I'm looking at things like this through the lens of: There are people who want to start doing something. This is something. It's a start, for someone, maybe a lot - not an end.
I meant that as pointing out that not every effort is suitable for every person. People have to make their own decisions about what risks they are willing to take on, and I think that even a risk that's closer to inconvenience is better than nothing at all, that it can be the start of something more. More people, more efforts, over more time is the only chance of effecting real change.
We're probably on the same page that this particular thing for one day is going to have a very limited impact towards ousting fascism from the US or anywhere. Today isn't the end, and a lot of people have to start small. Let them start.
It's not though. It's the illusion of a start. Hell it doesn't even encourage collectivism because it is an entirely individual and isolationist protest. You make no connections, you further no interests, you do literally nothing aside from pat yourself on the back for participating in a viral trend.
Yes, no shit you can't cross the English Channel without getting your feet wet, but dipping your toes in from the shore is never swimming. That the two both take place on the beach does not make them equivalent.
My point remains that we gain nothing by coddling adults like children and telling them they're doing good works when they aren't. We're past playtime; this is grown up time.
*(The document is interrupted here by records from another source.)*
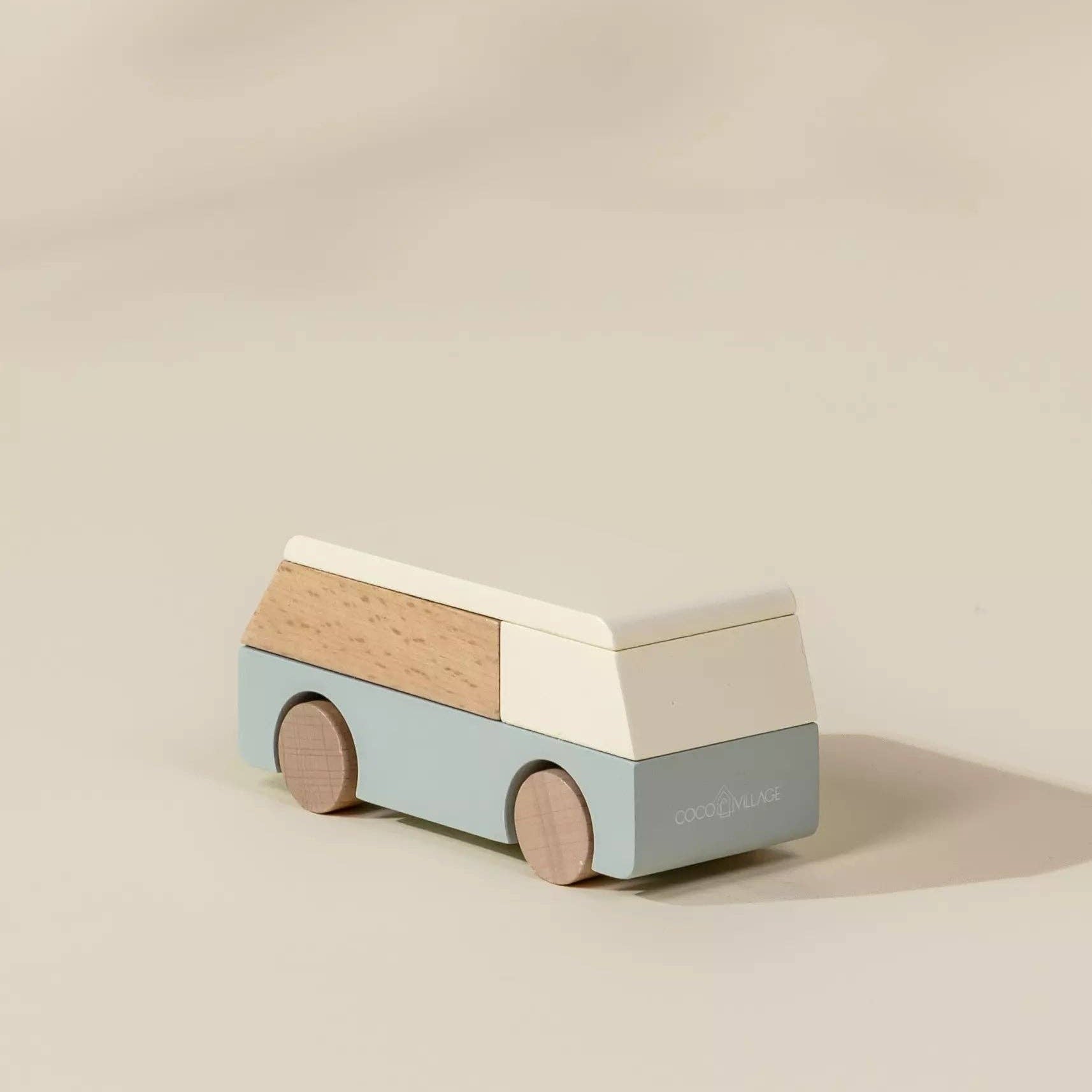 Wooden toy van on a beige background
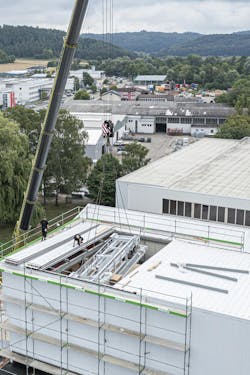 Figure 3: The first step was opening the roof, and then the refurbishment of the Kasto bar high-bay storage system at G&uuml;nther+Schramm could begin.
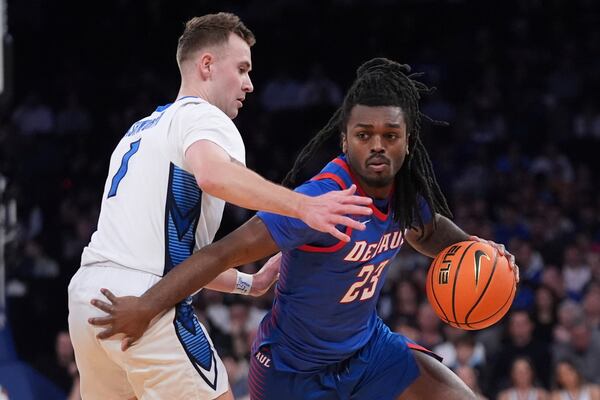 Creighton's Steven Ashworth (1) defends DePaul's David Thomas (23) during the second half of an NCAA college basketball game at the Big East basketball tournament Thursday, March 13, 2025, in New York. (AP Photo/Frank Franklin II)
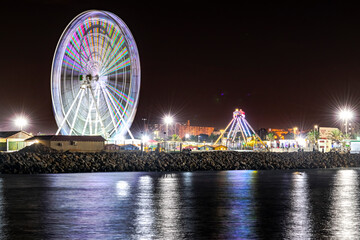 Ferris wheel and pirate ship in the amusement park seen from Sablettes beach promenade in the dark. Water surface view of Algiers city by night, water reflexion of electric lights in the rock jetty.
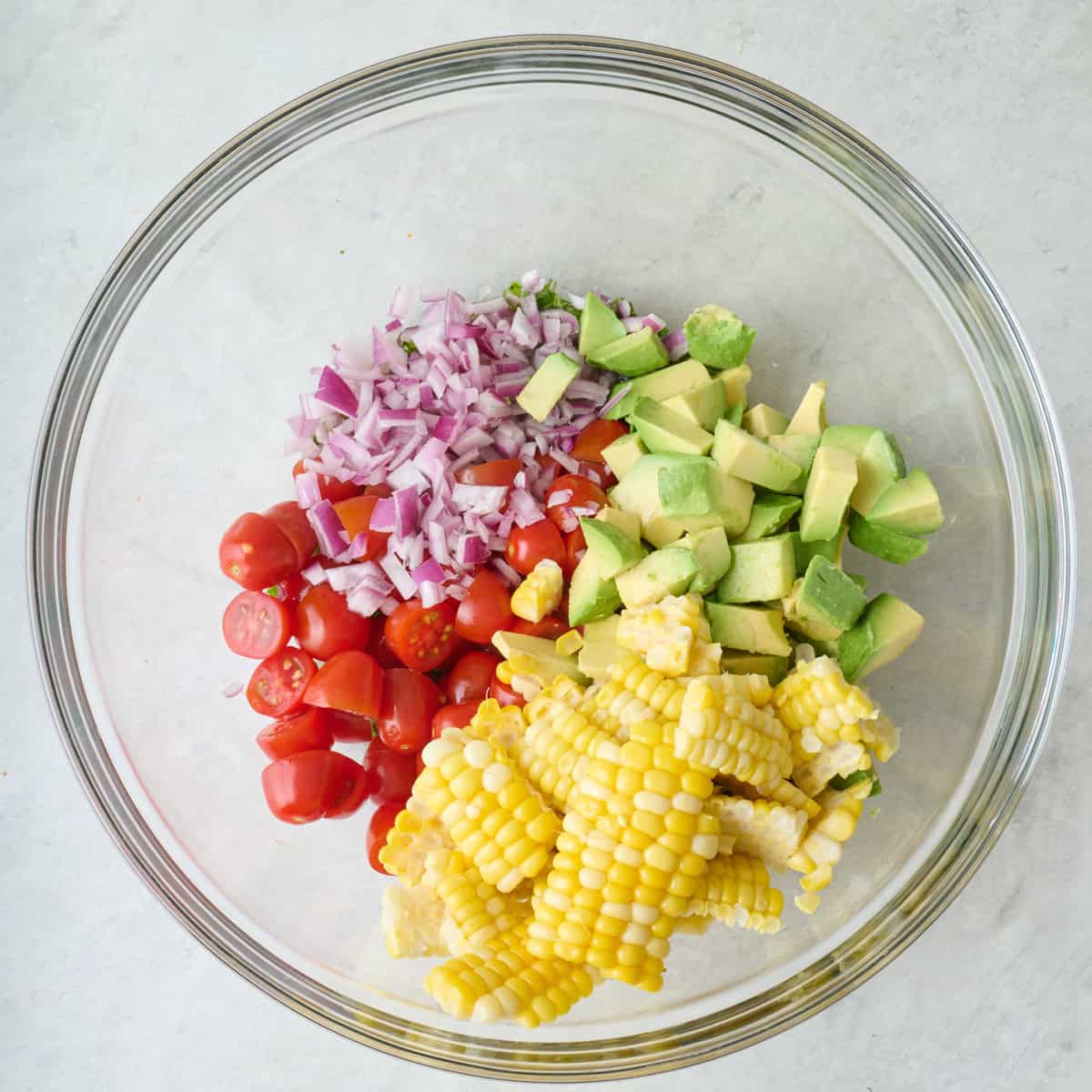 Diced red onion, cubed avocado, halved cherry tomatoes, and corn kernels in a larg emixing bowl.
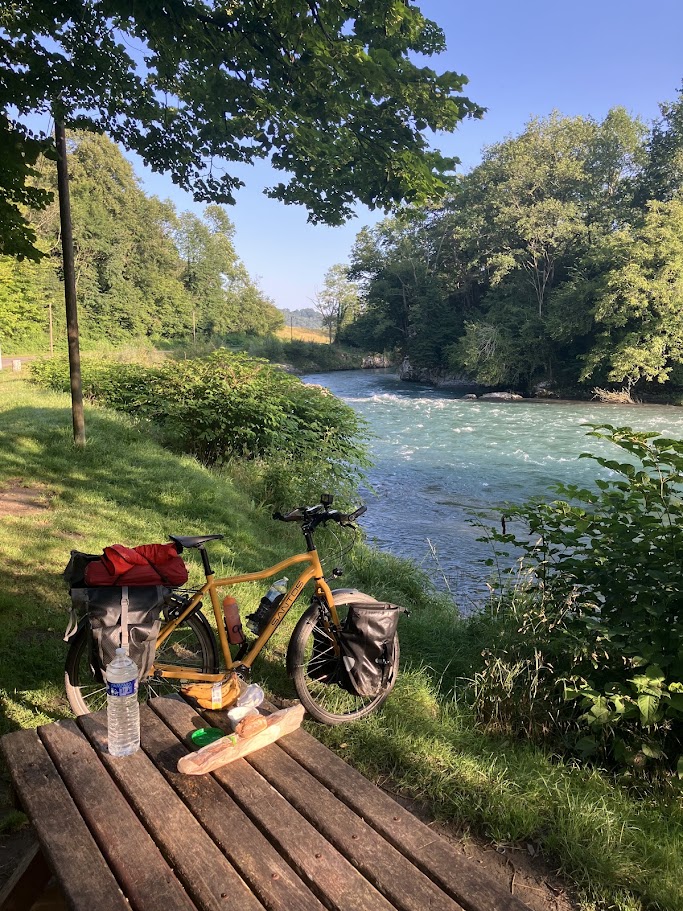 A bicycle with panniers parked by a peaceful river surrounded by lush greenery, with a wooden table and refreshments visible in the foreground.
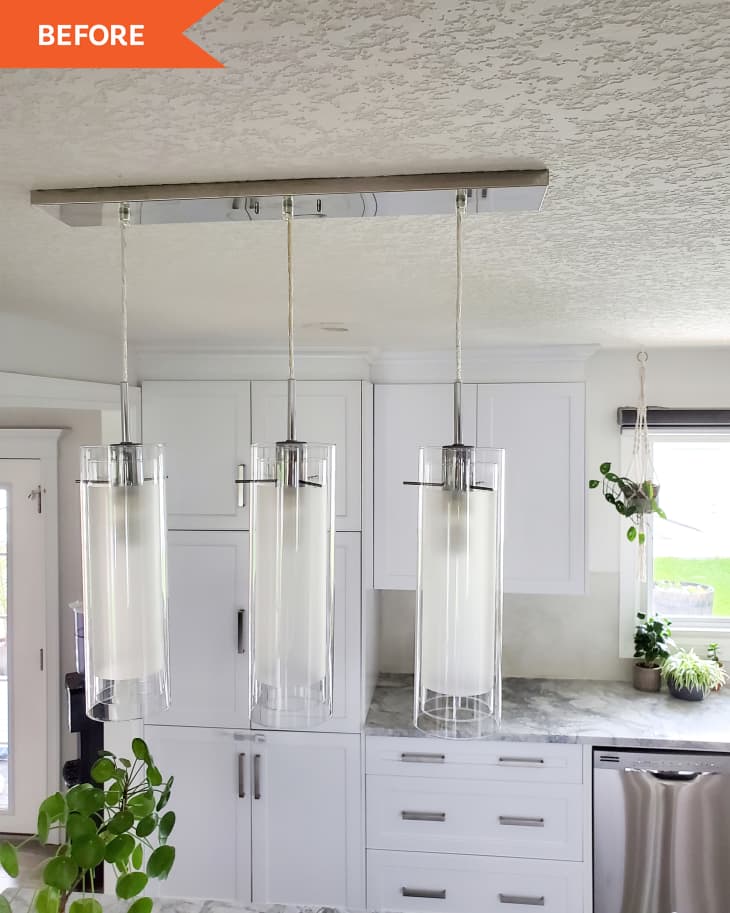 Before photo of 3 glass pendant lights in a white kitchen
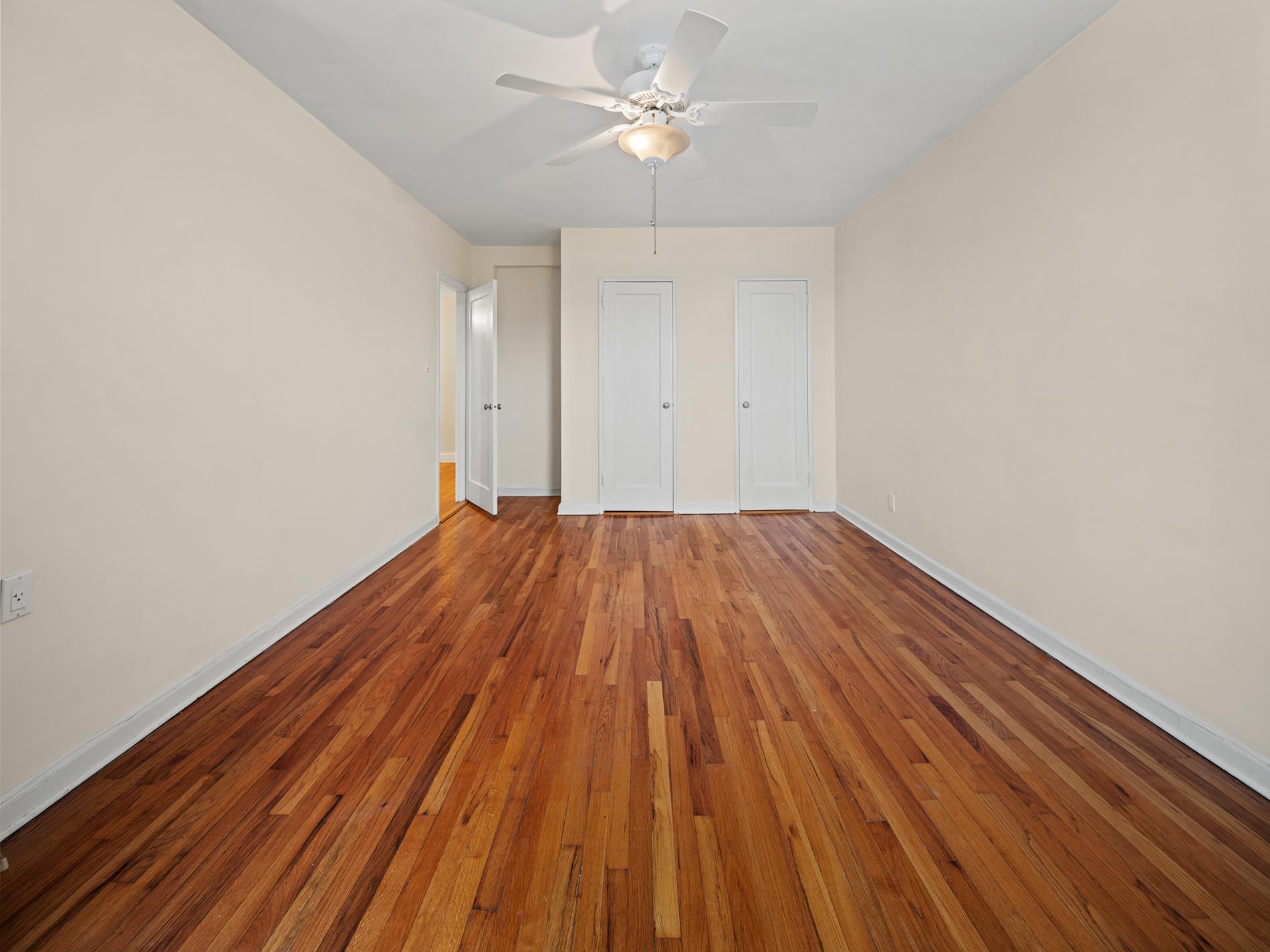 6665 Colonial Road, Unit 5D Brooklyn, NY 11220 - Photo 12 of 18 a view of a room with wooden floor and a ceiling fan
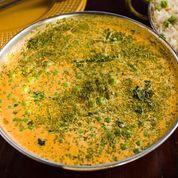 Mutter Paneer · Cheese and green peas, creamy tomato sauce.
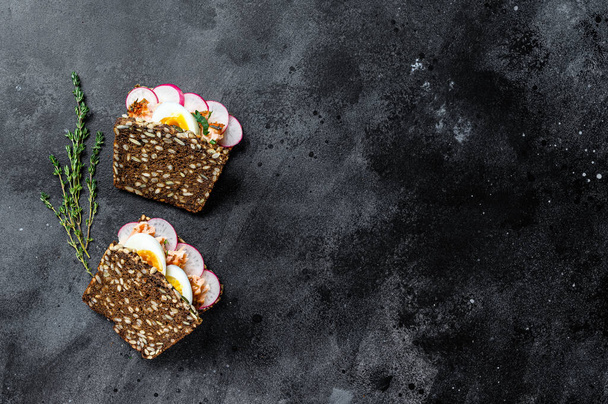 Toast from grain bread with hot smoked salmon, egg and radish. Black background, top view, space for text. - Fotó, kép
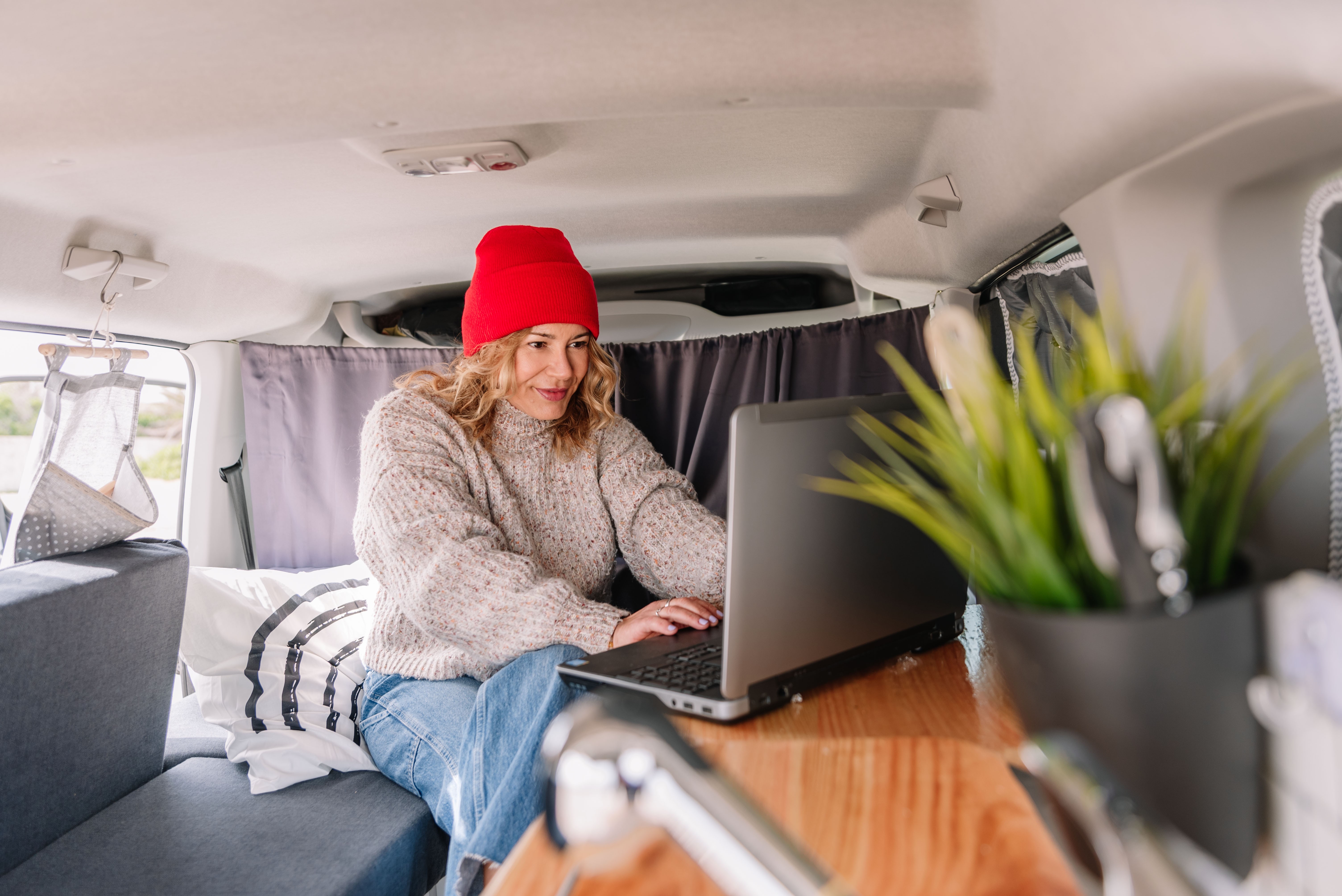 Woman with red knit hat working on laptop in her van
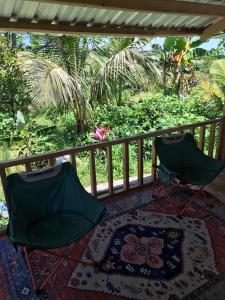 two green chairs sitting on a porch with a rug at Konbayan Forest Stay in Bayan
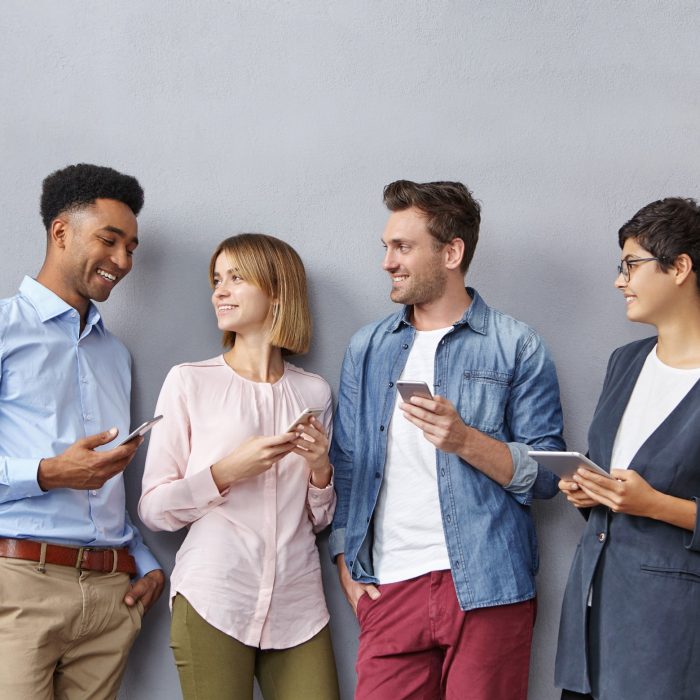 Portrait of colleagues being glad for their dark-skinned friend who is promoted at work, share happiness together, have pleasant smiles. Fashionable students meet at university after holidays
Either put on your big boy pants and come to the table or shut the fuck up because all you're (I'm speaking in generalities here, not about "you" personally) doing is muddying the waters and distracting from real efforts and making people feel like they're already doing the necessary actions that they just simply aren't.
If people want to pull in generally the same direction I want, I’m not going to discourage that. Present company included.
I'm sorry, but this just feels naive to me. We aren't in a simple world with clearly defined teams and easily recognizable allies, and not every well-meaning idea towards progress is going to be a good one. We need to be able to discern viable action from not, and we need to remember that the actual opposition wants nothing more than for us to waste on our time on futile efforts so we're too fatigued to fight the real fight.
I'm sorry, but some of you need to more realistic and more pessimistic.